2.5. Gelet op het vorenoverwogene zal het ontslagbesluit naar het voorlopig oordeel van de voorzieningenrechter in bezwaar geen stand kunnen houden. De voorzieningenrechter ziet derhalve aanleiding om een voorlopige voorziening te treffen, in die zin dat het ontslagbesluit van 8 mei 2012 wordt geschorst tot en met zes weken na bekendmaking van de beslissing op het bezwaar.
2.6. Gelet op het vorenstaande ziet de voorzieningenrechter aanleiding om verweerder met toepassing van artikel 8:84, vierde lid, van de Awb, gelezen in samenhang met 8:75, eerste lid, van deze wet, te veroordelen in de kosten die verzoekster in verband met de behandeling van het verzoek redelijkerwijs heeft moeten maken. Deze kosten in verband met de door een derde beroepsmatig verleende rechtsbijstand worden op de voet van het bepaalde in het Besluit proceskosten bestuursrecht (hierna: het Bpb) vastgesteld op op € 874,- (1 punt voor het verzoekschrift en 1 punt voor het verschijnen ter zitting, met een waarde per punt van
€ 437,- en wegingsfactor 1). De voorzieningenrechter is niet gebleken dat verzoekster nog andere kosten heeft moeten maken die op grond van het Bpb voor vergoeding in aanmerking komen.

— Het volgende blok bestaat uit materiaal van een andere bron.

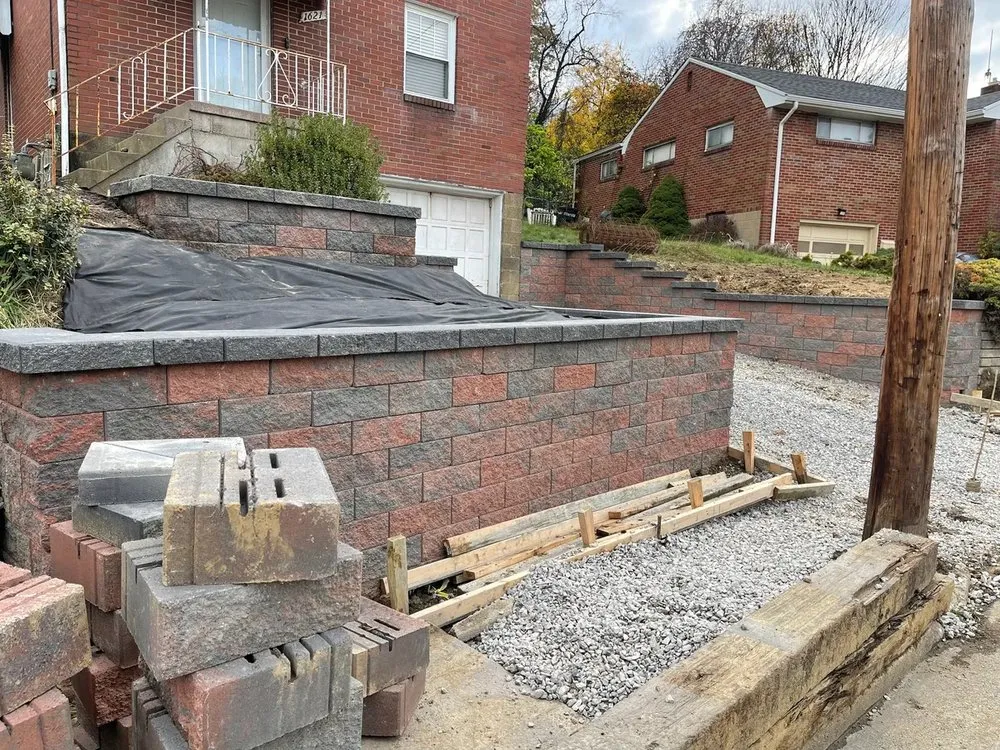 Expert landscape design for year-round maintenance in Pittsburgh, PA by FTC Landscaping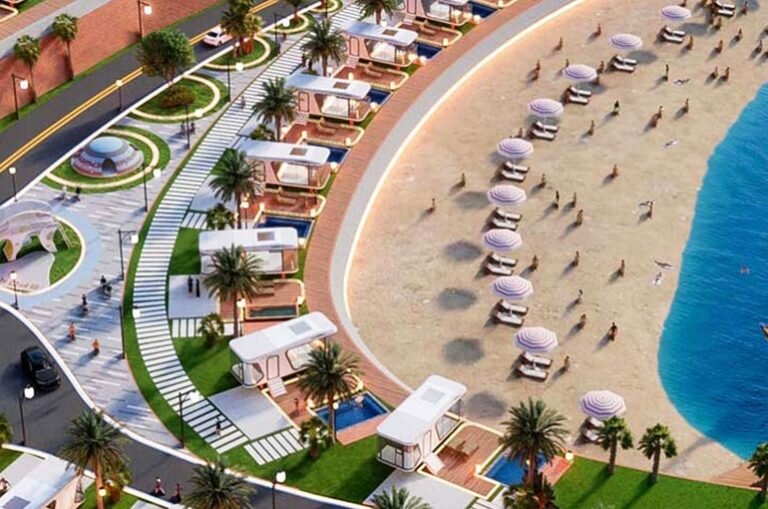 خانههای کپسولی: راهحلی مقرونبهصرفه برای شهرهای آینده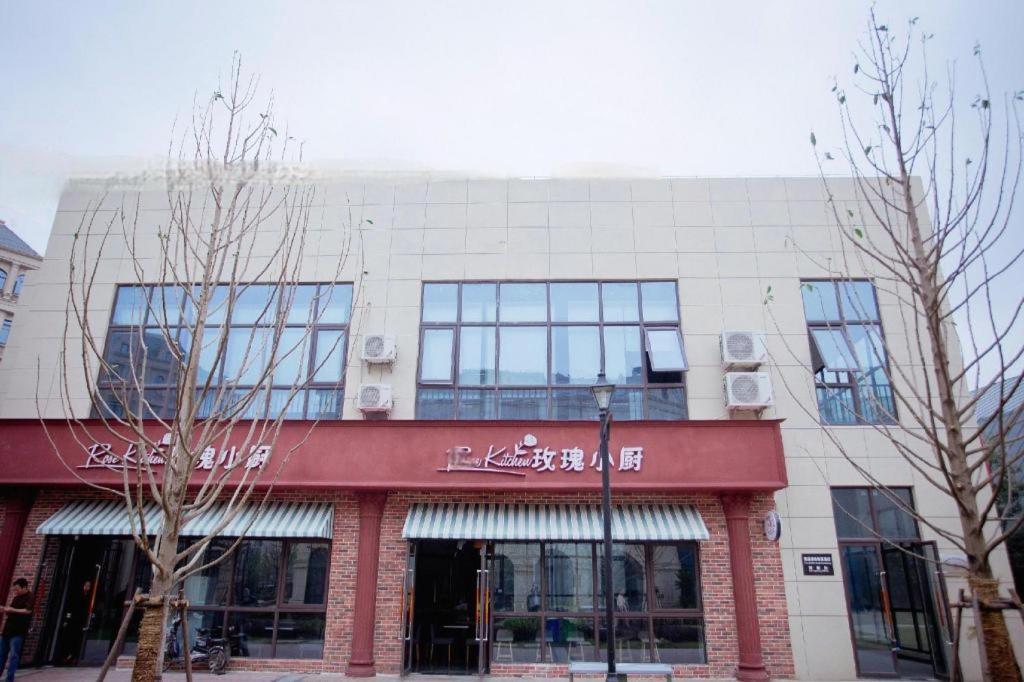 The Qube Hotel Nanchang East Extérieur photo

2.7. Voorts is er aanleiding te bepalen dat het door verzoekster betaalde griffierecht wordt vergoed.
2.8. Gezien het vorenstaande beslist de voorzieningenrechter als volgt.
3. Beslissing
De voorzieningenrechter van de rechtbank Dordrecht:
- wijst het verzoek om voorlopige voorziening toe, in die zin dat het ontslagbesluit van 8 mei 2012 wordt geschorst tot en met zes weken na bekendmaking van de beslissing op het bezwaar;
- veroordeelt verweerder in de proceskosten die verzoekster in verband met de behandeling van het verzoek redelijkerwijs heeft moeten maken, welke kosten worden begroot op:
€ 874,- ter zake van door een derde beroepsmatig verleende rechtsbijstand;
- bepaalt dat verweerder aan verzoekster het door haar betaalde griffierecht ten bedrage van
€ 156,- vergoedt.
Aldus gegeven door mr. M.G.L. de Vette, voorzieningenrechter, en door deze en
mr. M.J.F.J. van Beek, griffier, ondertekend.